[ expat-Bugs-477667 ] illegal utf-8 seqs do not throw error
noreply@sourceforge.net
noreply@sourceforge.net
Fri May 17 08:53:02 2002
Bugs item #477667, was opened at 2001-11-02 17:58
You can respond by visiting:
http://sourceforge.net/tracker/?func=detail&atid=110127&aid=477667&group_id=10127
Category: None
Group: None
Status: Open
Resolution: Works For Me
>Priority: 6
Submitted By: Patrick McCormick (patrickmc)

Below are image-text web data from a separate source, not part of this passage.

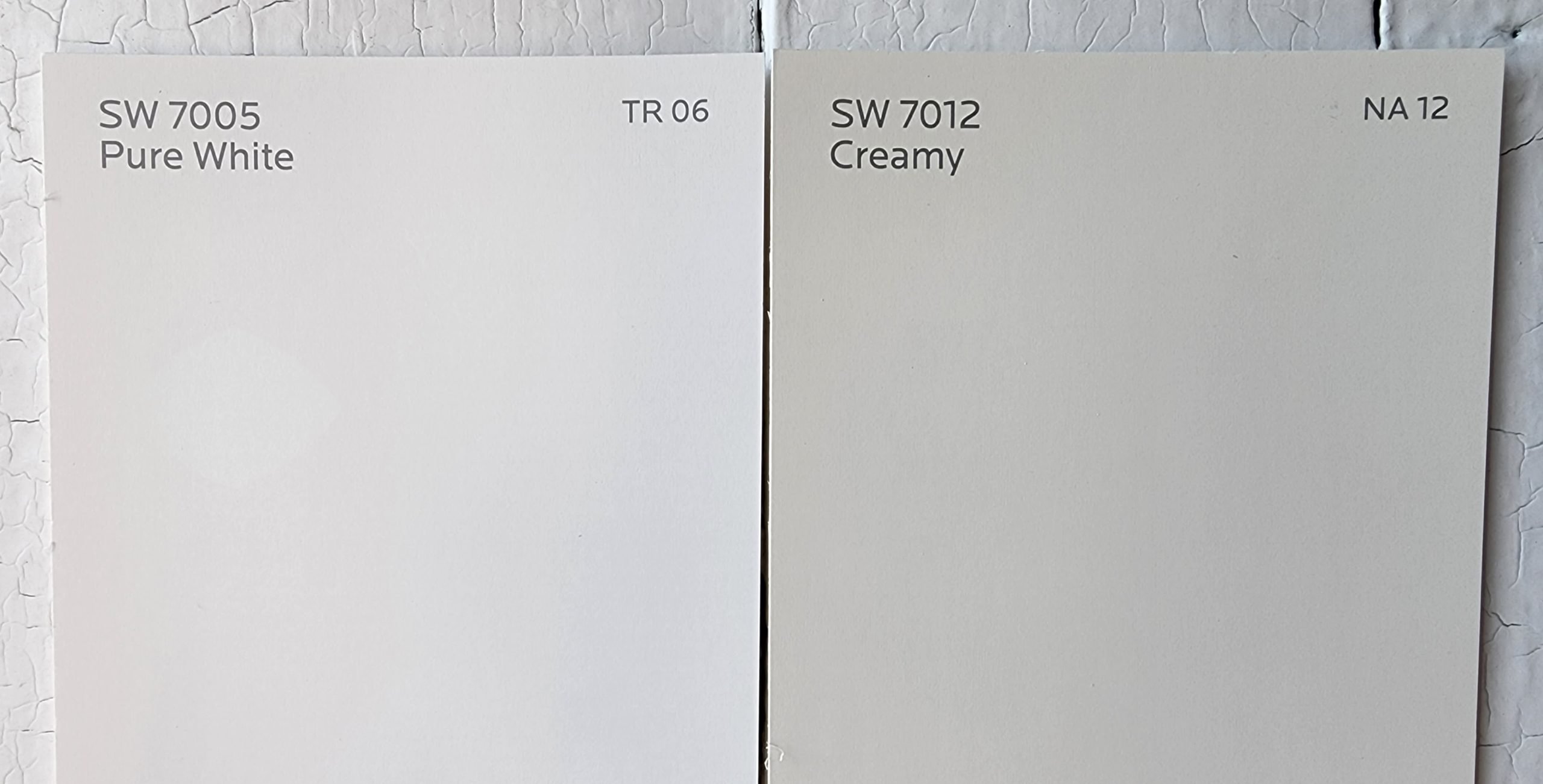  Pure White vs Creamy by Sherwin Williams scaled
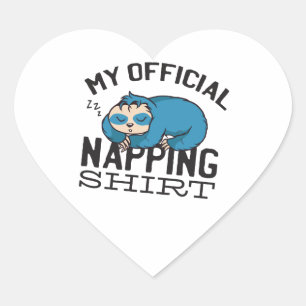 Sticker Cœur Ma chemise officielle pour la sieste - Paresseux d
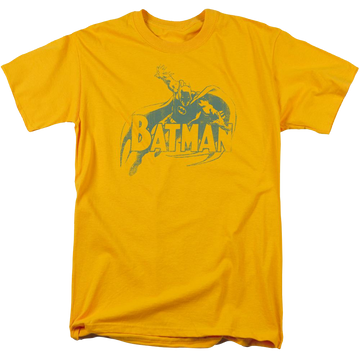 Gold men's regular fit t-shirt with Heres Batman graphic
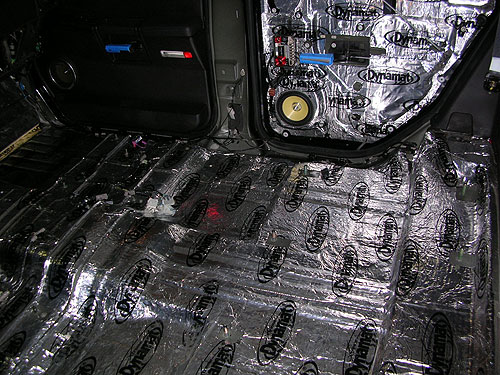 2005 Hummer H2 - We were told to get the truck as quiet as possible. Dynamat Extreme was used on the entire floor and all four inner and outer door skins. Dynamat Hood liner was installed in the engine bay as well to keep motor noise down to a minimum.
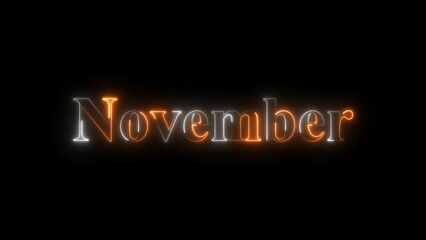 Glowing neon November month text background illustration.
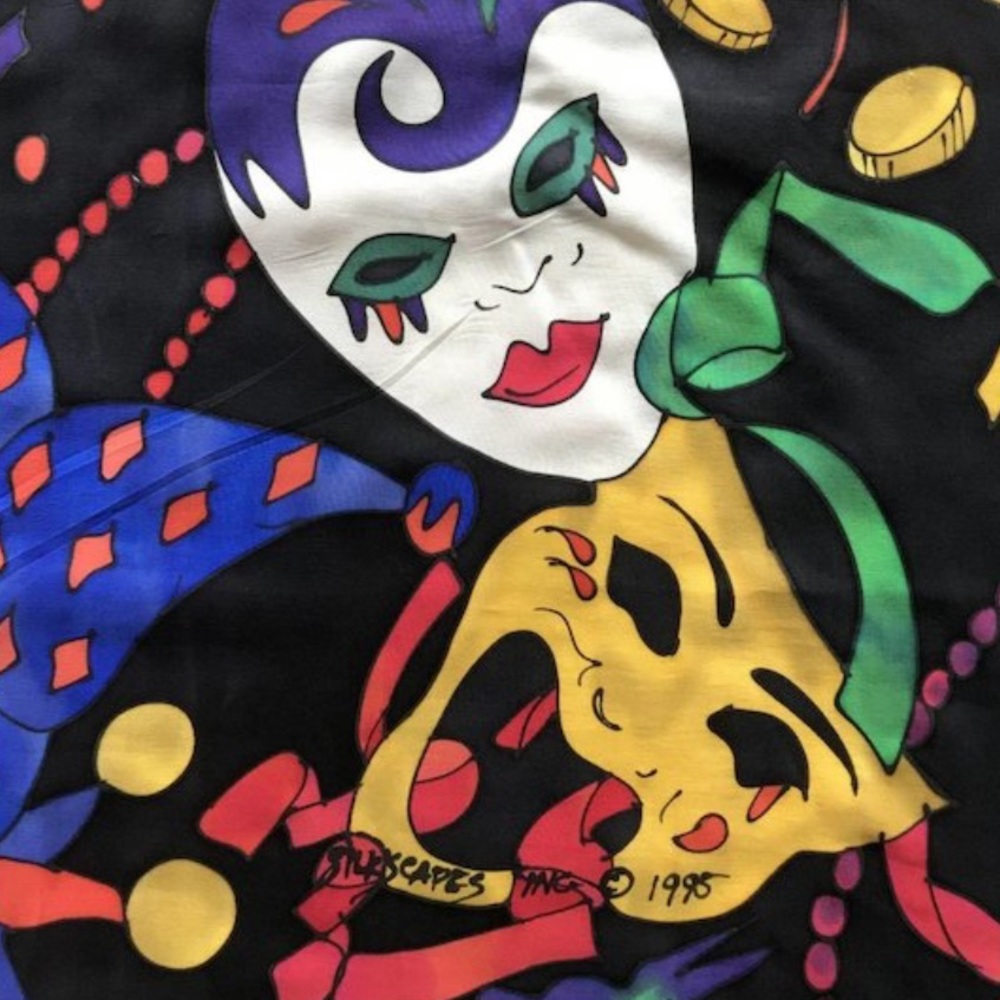 Y2K Vntg 90s signed Silk Scapes scarf Mardi Gras Halloween Carnival New Orleans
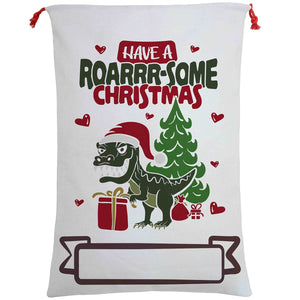 Darrahopens Occasions > Christmas Large Christmas XMAS Hessian Santa Sack Stocking Bag Reindeer Children Gifts Bag, Have A Roar-some Christmas
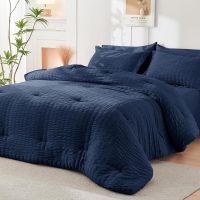 HYMOKEGE Navy Blue Queen Comforter Set Seersucker 7 Pieces, All Season Luxury Bed in a Bag for Bedroom, Bedding Set with Comforters, Sheets, Pillowcases & Shams - Image 8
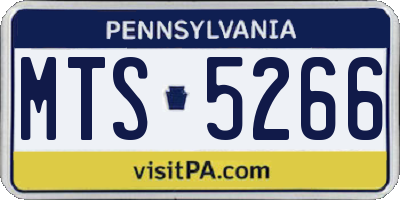 PA license plate MTS5266
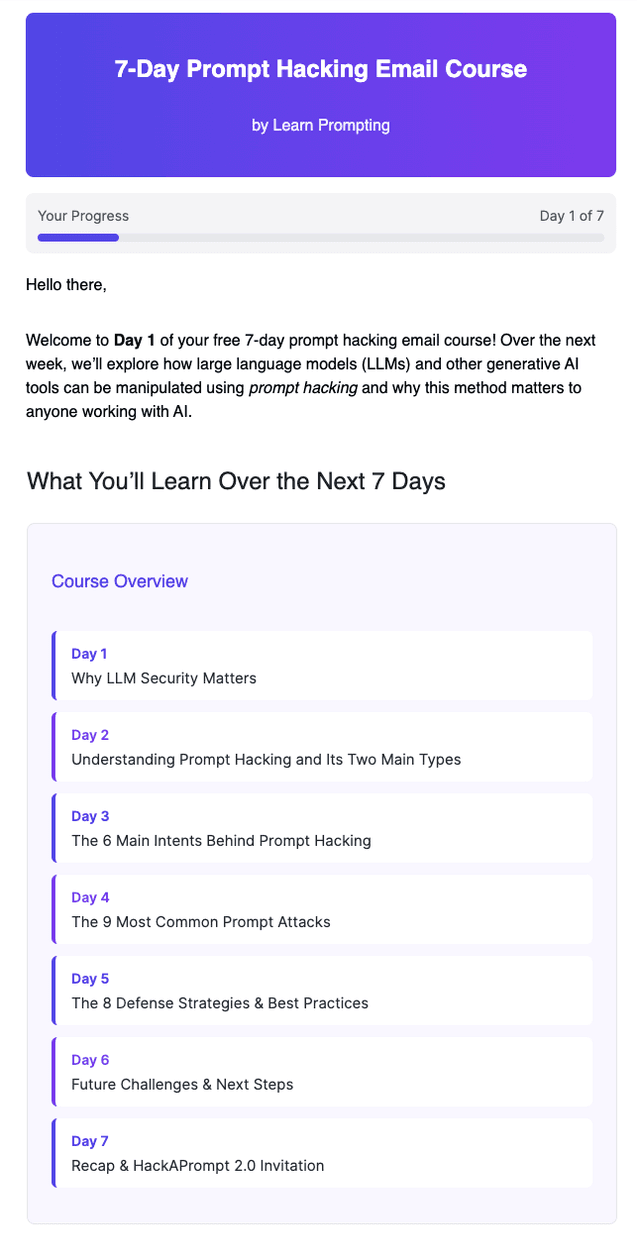 7-Day Prompt Hacking Course Overview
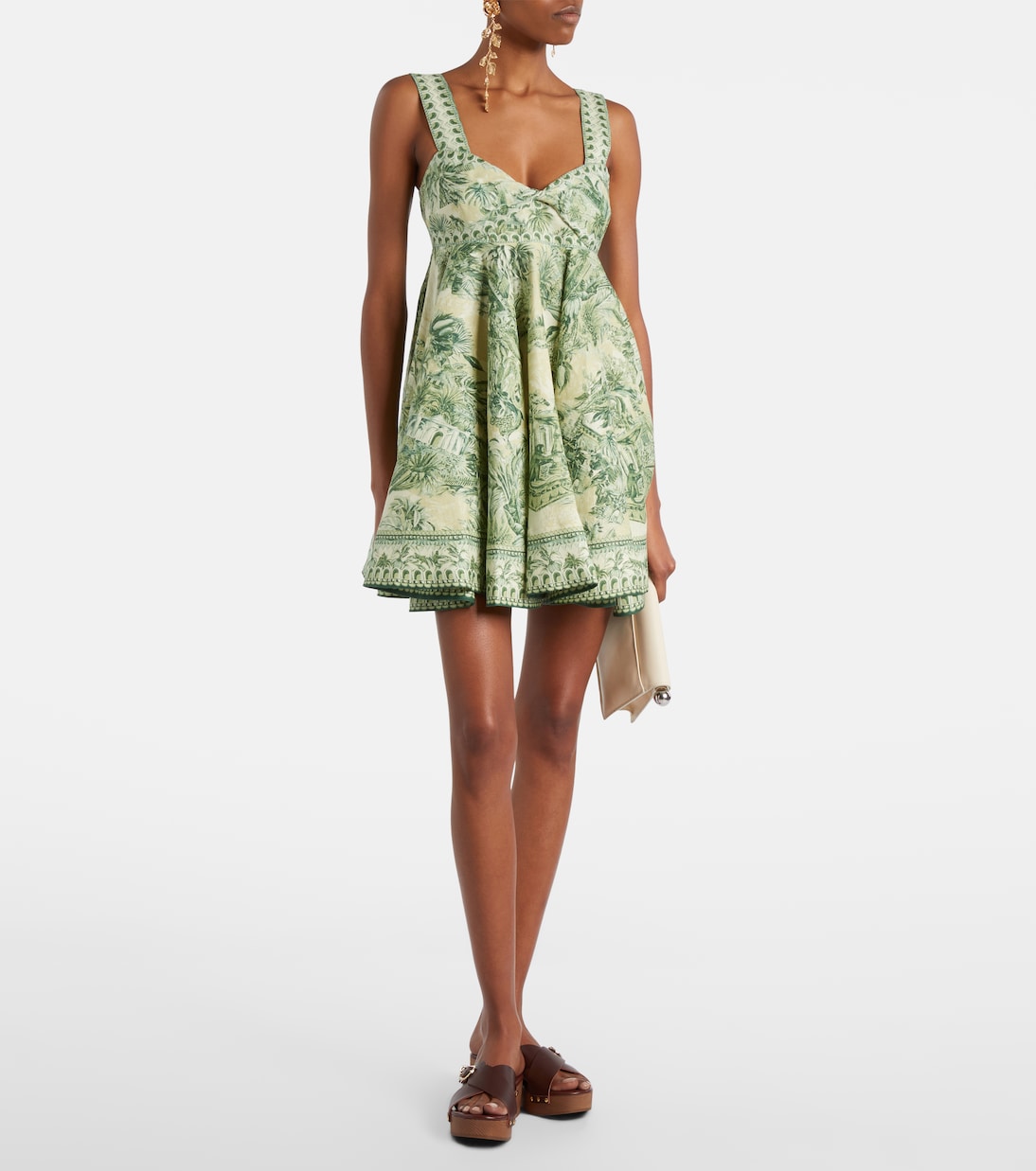 Sara printed linen minidress | Alémais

Assigned to: Fred L. Drake, Jr. (fdrake)
Summary: illegal utf-8 seqs do not throw error
Initial Comment:
I have a problem where users like to use iso-8859-1
without declaring it in
the prolog, like this:
<?xml version='1.0'?>
<rule>abécdef</rule>
expat properly defaults to utf-8 in this case. As I
understand utf-8, the
é character (0xE7) has a bitfield that looks like the
start of a three byte
sequence. A 3-byte sequence is supposed to look like
this:
bytes | bits | representation
3 | 16 | 1110vvvv 10vvvvvv 10vvvvvv
the above two bytes (c and d) don't match the 10vvvvvv
mask, so écd is an
illegal utf-8 sequence. But expat doesn't throw a
well-formedness error.
Expat uses this macro in xmltok.c to figure out what's
illegal:
#define UTF8_INVALID3(p) \
((*p) == 0xED \
? (((p)[1] & 0x20) != 0) \
: ((*p) == 0xEF \
? ((p)[1] == 0xBF && ((p)[2] == 0xBF || (p)[2] ==
0xBE)) \
: 0))
but this doesn't seem strict enough.
I wrote a patch that makes expat check UTF-8 sequences
against the Table 3.1B of the Unicode 3.1 standard:
http://www.unicode.org/unicode/reports/tr27/
as originally clarified in this Corrigendum:
http://www.unicode.org/unicode/uni2errata/UTF-
8_Corrigendum.html
and it's attached.
----------------------------------------------------------------------
>Comment By: Fred L. Drake, Jr. (fdrake)
Date: 2002-05-17 11:52
Message:
Logged In: YES
user_id=3066
This is strange. Using the CVS version of Expat, the test
case (in tests/runtests.c:test_illegal_utf8) sees the error
properly reported. xmlwf doesn't report it, however. Are
you using the library directly or going through xmlwf?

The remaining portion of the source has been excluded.